Evidently, the Villa Park faithful have little faith in their team these days. Great clubs are built on their drive, belief and ambition – in short, their will to be great clubs. The claret and blue outfit have lost all of these characteristics and it is hard to pinpoint when any of them were last in evidence in the Midlands. Not for some time, it is fair to say.

Villa began the season well – brilliantly, in fact. Taking 10 points from a possible 12 was a dream start for Paul Lambert and his young side of which little was known and even less expected. Form rapidly went downhill in the subsequent weeks and months and the club has since descended into what can only be described as resignation. Relegation looms larger than in previous terms, of that there is little doubt. The only way Villa will escape is through a healthy portion of good fortune and the poor form of teams around them, which begs the question: which are the clubs with which Villa should be competing.

In truth, it’s hard to say but most supporters will believe that Newcastle United are among them – perhaps Stoke City, Swansea City and West Ham United too. These clubs occupy the positions from 8th to 11th, sitting just outside the impenetrable seven and represent top-flight comfort and accomplishment. For a club that has been in the Premier League every season since its inception, Villa should be there at the very least.

Another truth is that this should have been a season of growth, not regression, as should the season before and the season before that. Perpetually stuck in Premier League quicksand, it is a wonder whether Aston Villa and comparable clubs of considerable size but limited quality set targets for upcoming campaigns or whether they simply adapt according to how the season seems to be panning out. A laissez-faire attitude to ambition seems to have engulfed Villa Park and it has shrouded the players, fans and disposable coaching staff in an uncertainty that is now embedded in the preparation for every game.

The larger question in light of all this trouble, though, is: how does a big club re-establish itself after so many years of struggle? The short answer involves a significant investment from a wealthy foreigner, rightly or wrongly. Since one has not been forthcoming since Randy Lerner’s decision to put the club up for sale, perhaps it would be wiser to look at other clubs and the examples they have set. Newcastle United might, in fact, be the most important case of a positive resurgence, particularly given the real possibility of the drop.

There have been suggestions that relegation would represent an opportunity to clear out and start again, as it seemed to for Newcastle. This argument is as short-sighted as most of Villa’s activity has been in recent years, as a dip into the Championship could be more long-term than anticipated, as Leeds United and many other clubs have proven over the years. Relegation is not akin to clicking the refresh button. It would cost the club millions of pounds in television money for instance, which is something that simply cannot be afforded after the monstrous new deal struck by Sky and BT.
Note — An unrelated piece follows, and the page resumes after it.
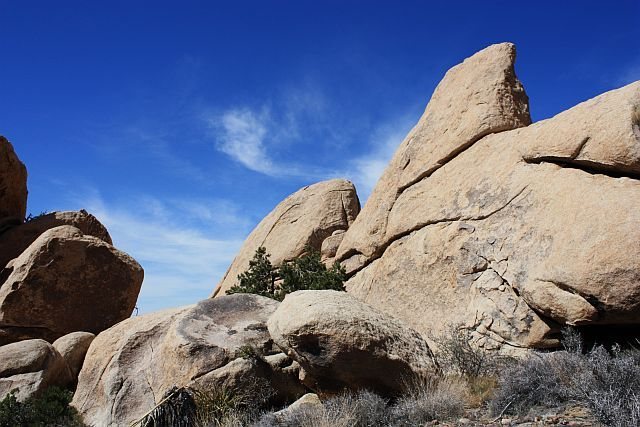 This is the rocky notch used on the upper approach to The Asylum, Joshua Tree NP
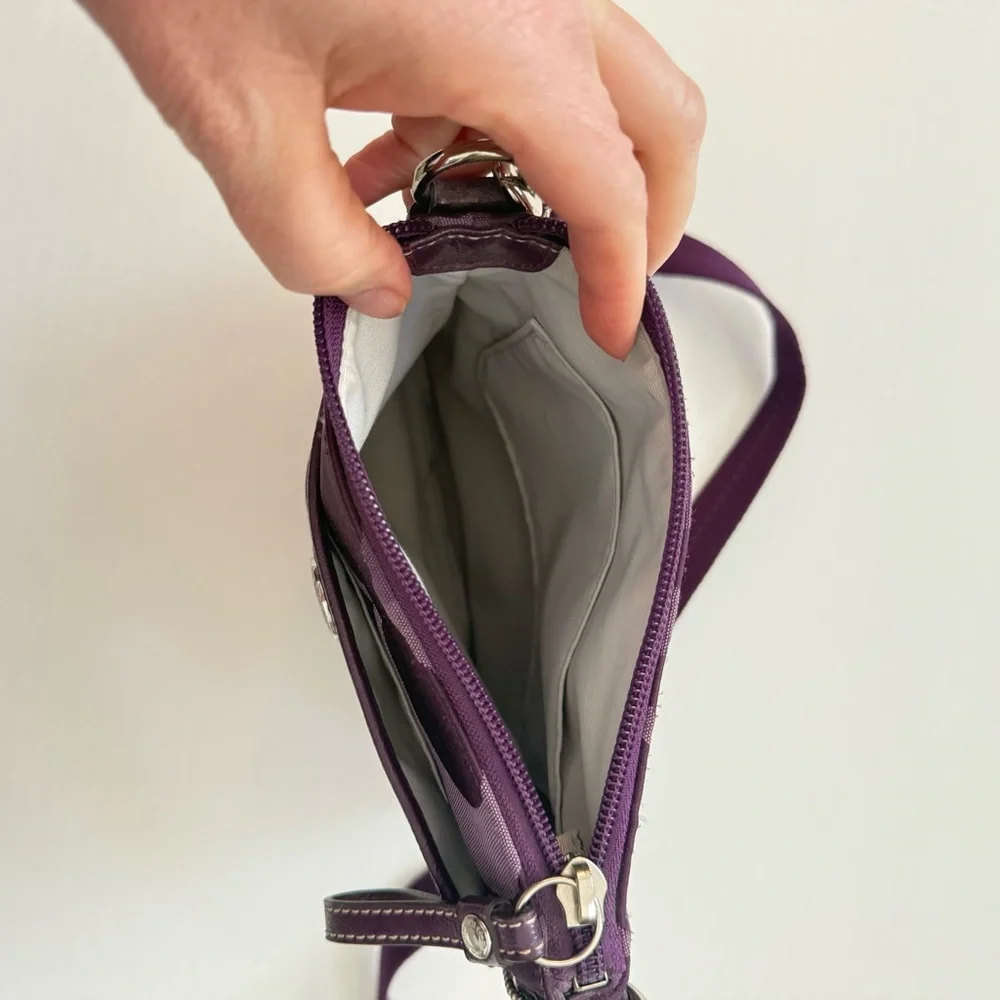 NWOT Coach Purple Signature Crossbody Bag - Picture 6 of 6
In reality, any proposition as to what the club must do in order to rebuild itself is futile if each of its elements are unable to come together to achieve. Ultimately, the attitude at Villa Park has been and continues to be wrong and quite poisonous, with success as improbable in practice as it is in the minds of all those involved with the club. Of course, Lerner must go and give life to a new era at the club. Sherwood’s position is as tenuous as his qualifications for the job and the players are on equally thin ice, given their lack of quality. Things need to be refreshed but not in the Championship. Unless things change quickly, Aston Villa will just be another big club in England’s second tier and could stay there for some time.

Football has become more cut-throat than ever and fans even more fickle. History will mean nothing to Villa in a league that they don’t belong. The club’s mantra says it is “prepared”. Whichever division they start in next year, needless to say those present will have to be prepared to re-establish the historic club to how it should be.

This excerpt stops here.